Representatives from the Department of Trade and Industry briefed the Committee on four outstanding matters arising from the comments received from interested parties on the Companies Amendment Bill.  The issues related to Section 22 (reckless trading versus trading under insolvent circumstances), Section 69 (the disqualification of single directors of owner-managed companies), Section 218 (conflicting with other provisions rendering agreements void) and Section 11 (the cost of including symbols in the registration of company names).

The Members asked questions to obtain clarity on the concepts of reckless trading, trading under insolvent circumstances and start-up companies; the practice of changing company names to hide nefarious practices; the capacity of the Commission established to assist companies in financial difficulty; the adequacy of the public hearing process and the impact of further changes to the Bill on the timeframe for finalising the Bill.  The Department was requested to present additional changes as soon as possible but was informed that the process of deliberations could not be delayed.

Meeting report

Briefing by Department of Trade and Industry (DTI) - Responses to outstanding issues arising from the comments received on the Companies Amendment Bill [B40-2010]
Ms Zodwa Ntuli, Deputy Director-General, DTI, advised that the briefing to the Committee would deal with the four outstanding issues arising from the comments received on the Companies Amendment Bill.

Mr MacDonald Netshitenzhe, Acting Chief Director: Commercial Law, DTI, explained that Section 22 (1) (b) of the Act dealt with trading under insolvent circumstances.  Comments received suggested that the Bill defined what was meant by insolvency as a company could technically be insolvent if the entity had bank loans.  The issue of commercial and technical insolvency was already well-established in law and it was not the intention of this Bill to redefine insolvency.  The Department felt that a clear distinction needed to be drawn between ‘trading under insolvent circumstances’ and ‘reckless trading’, which was prohibited.  Government had a duty to protect the public against reckless trading practices.  The Companies and Intellectual Property Commission had the right to hold a person suspected of dubious trading practices to account.  Companies in financial distress could apply for business rescue assistance.  There was no problem with start-up companies.

Mr Flip Dwinger, Legal Adviser, CIPRO, explained that Section 69 of the Act dealt with ineligibility and disqualification of persons from being appointed directors of a company.  The provision in subsection (12) for exemption for single directors was criticised in a number of submissions and the DTI agreed to reconsider the provision in order to ensure legislative consistency.  The Department proposed that subsection (12) was deleted as there was a danger that the public could be defrauded or prejudiced by companies with a single director (i.e. owner-managed entities).  Subsection (10) provided for the prohibition to lapse after a period of 5 years, unless a court ruling decided that the period should be extended.  The DTI suggested that subsection (10) be retained.

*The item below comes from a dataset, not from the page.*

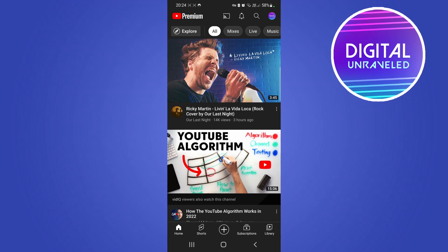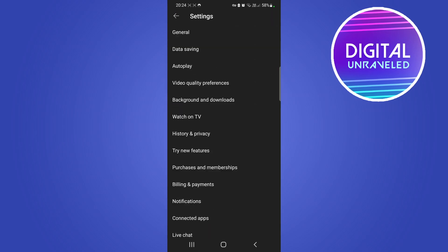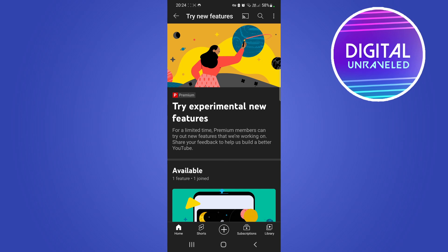To get to the page where you can try out these new features, tap on your profile icon at the top right-hand corner, then tap on Settings. From the Settings page you'll see an option that says 'Try new features.' Tap on that and it'll take you to the Try Experimental New Features page, where you'll see all the ones available to you.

Mr Johan Strydom, Law Adviser, DTI, explained that Section 218 (1) of the principal act dealt with void and voidable instruments.  If a contract was void, it had no operation in law and there were no legal consequences.  A voidable contract however had operation in law and had legal consequences but could be declared void at a later stage.  Section 218 stated that nothing in the Act rendered void an agreement unless it was declared void by a court of law.  This provision was inconsistent with other clauses in the Act, for example Section 78 (2) included provisions that would render an agreement void.  The DTI suggested that the Act be searched to identify all provisions that would be in conflict with Section 218 and that the Department considered amending Section 218 to prevent any inconsistencies in the Act.

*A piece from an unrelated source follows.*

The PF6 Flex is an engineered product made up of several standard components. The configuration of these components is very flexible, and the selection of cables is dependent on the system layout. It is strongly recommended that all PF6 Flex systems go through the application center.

Ms Ntuli advised that Section 11 made provision for the recognition of symbols in company names.  Comments received indicated that the cost of registering symbols was prohibitive and placed a financial burden on companies.  The Department acknowledged that there was a cost associated with compliance with legislation to companies but the intention was not to unduly burden entities with the cost of complying with something that was not strictly necessary.  The provision was considered to be necessary in order to align South African legislation with similar progressive laws in other countries (for example, the United Kingdom and the United States of America).  The Department was not provided with the basis for determining the costs involved and was not in a position to determine whether or not the registration of symbols would be an unreasonable financial burden on the entity concerned.  The Department considered making provision for the compliance with the provision to be delayed for a period not longer than 5 years, which would allow companies to prepare for the costs involved.

Ms Ntuli said that Section 218 was not contextualised and the lack of cross-references to other provisions added to the confusion.  She pointed out that the intention of the Department was to prevent companies from trading under insolvent circumstances but not to prevent start-up companies from operating although they could technically be insolvent.  The legislation needed to be clear and unambiguous.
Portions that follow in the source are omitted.